Work request
For the records below, print the lines from the line with "GoldenTypeSCEF-Bold字体转换" through the line with "I Hate the Office" exactly as written; include both end lines and exclude the rest.

[Entries taken from a collection]
──────
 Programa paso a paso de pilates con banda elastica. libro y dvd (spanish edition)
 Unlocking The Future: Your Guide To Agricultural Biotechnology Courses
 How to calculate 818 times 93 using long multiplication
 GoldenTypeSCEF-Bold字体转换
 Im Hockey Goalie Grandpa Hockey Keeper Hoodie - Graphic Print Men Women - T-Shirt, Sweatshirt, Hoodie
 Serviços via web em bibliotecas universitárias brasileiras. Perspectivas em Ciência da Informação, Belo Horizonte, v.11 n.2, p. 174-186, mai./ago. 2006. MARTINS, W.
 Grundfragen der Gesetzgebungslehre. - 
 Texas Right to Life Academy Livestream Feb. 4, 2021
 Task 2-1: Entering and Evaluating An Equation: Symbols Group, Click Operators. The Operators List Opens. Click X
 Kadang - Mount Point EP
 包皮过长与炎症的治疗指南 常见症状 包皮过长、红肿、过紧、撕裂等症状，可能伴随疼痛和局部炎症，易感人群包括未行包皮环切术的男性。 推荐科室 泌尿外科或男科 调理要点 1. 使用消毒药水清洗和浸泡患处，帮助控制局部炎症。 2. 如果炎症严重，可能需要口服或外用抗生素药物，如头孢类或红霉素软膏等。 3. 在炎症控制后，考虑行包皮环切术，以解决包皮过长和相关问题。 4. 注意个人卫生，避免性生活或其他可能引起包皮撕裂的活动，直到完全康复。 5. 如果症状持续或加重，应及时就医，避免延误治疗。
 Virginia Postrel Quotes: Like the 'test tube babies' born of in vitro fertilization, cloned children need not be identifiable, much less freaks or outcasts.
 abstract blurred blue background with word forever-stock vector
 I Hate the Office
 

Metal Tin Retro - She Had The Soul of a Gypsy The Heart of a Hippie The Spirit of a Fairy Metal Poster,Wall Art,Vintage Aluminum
──────
Solution to this exercise
 GoldenTypeSCEF-Bold字体转换
 Im Hockey Goalie Grandpa Hockey Keeper Hoodie - Graphic Print Men Women - T-Shirt, Sweatshirt, Hoodie
 Serviços via web em bibliotecas universitárias brasileiras. Perspectivas em Ciência da Informação, Belo Horizonte, v.11 n.2, p. 174-186, mai./ago. 2006. MARTINS, W.
 Grundfragen der Gesetzgebungslehre. - 
 Texas Right to Life Academy Livestream Feb. 4, 2021
 Task 2-1: Entering and Evaluating An Equation: Symbols Group, Click Operators. The Operators List Opens. Click X
 Kadang - Mount Point EP
 包皮过长与炎症的治疗指南 常见症状 包皮过长、红肿、过紧、撕裂等症状，可能伴随疼痛和局部炎症，易感人群包括未行包皮环切术的男性。 推荐科室 泌尿外科或男科 调理要点 1. 使用消毒药水清洗和浸泡患处，帮助控制局部炎症。 2. 如果炎症严重，可能需要口服或外用抗生素药物，如头孢类或红霉素软膏等。 3. 在炎症控制后，考虑行包皮环切术，以解决包皮过长和相关问题。 4. 注意个人卫生，避免性生活或其他可能引起包皮撕裂的活动，直到完全康复。 5. 如果症状持续或加重，应及时就医，避免延误治疗。
 Virginia Postrel Quotes: Like the 'test tube babies' born of in vitro fertilization, cloned children need not be identifiable, much less freaks or outcasts.
 abstract blurred blue background with word forever-stock vector
 I Hate the Office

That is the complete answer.